切片模型是所选树的副本,这意味着在切片过程中模型本身是不可变的。这个特性是早停回调中 save_best 选项的基础。

import numpy as np
import pandas as pd

import xgboost as xgb
from sklearn.datasets import make_classification

from scipy.special import logit
from sklearn.datasets import load_svmlight_file


def individual_tree() -> None:
    """Get prediction from each individual tree and combine them together."""
    X_train, y_train = load_svmlight_file(train)
    X_test, y_test = load_svmlight_file(test)
    Xy_train = xgb.QuantileDMatrix(X_train, y_train)

    n_rounds = 4
    # Specify the base score, otherwise xgboost will estimate one from the training data.
    base_score = 0.5
    params = {
        "max_depth": 2,
        "eta": 1,
        "objective": "reg:logistic",
        "tree_method": "hist",
        "base_score": base_score,
    }
    
    booster = xgb.train(params, Xy_train, num_boost_round=n_rounds)

    # Use logit to inverse the base score back to raw leaf value (margin)
    scores = np.full((X_test.shape[0],), logit(base_score))
    for i in range(n_rounds):
        # - Use output_margin to get raw leaf values
        # - Use iteration_range to get prediction for only one tree
        # - Use previous prediction as base marign for the model
        Xy_test = xgb.DMatrix(X_test, base_margin=scores)
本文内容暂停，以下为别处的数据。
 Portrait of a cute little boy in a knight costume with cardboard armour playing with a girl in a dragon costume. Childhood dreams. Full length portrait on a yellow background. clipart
        if i == n_rounds - 1:
            # last round, get the transformed prediction
            scores = booster.predict(
                Xy_test, iteration_range=(i, i + 1), output_margin=False
            )
        else:
            # get raw leaf value for accumulation
            scores = booster.predict(
                Xy_test, iteration_range=(i, i + 1), output_margin=True
            )

    full = booster.predict(xgb.DMatrix(X_test), output_margin=False)
    np.testing.assert_allclose(scores, full)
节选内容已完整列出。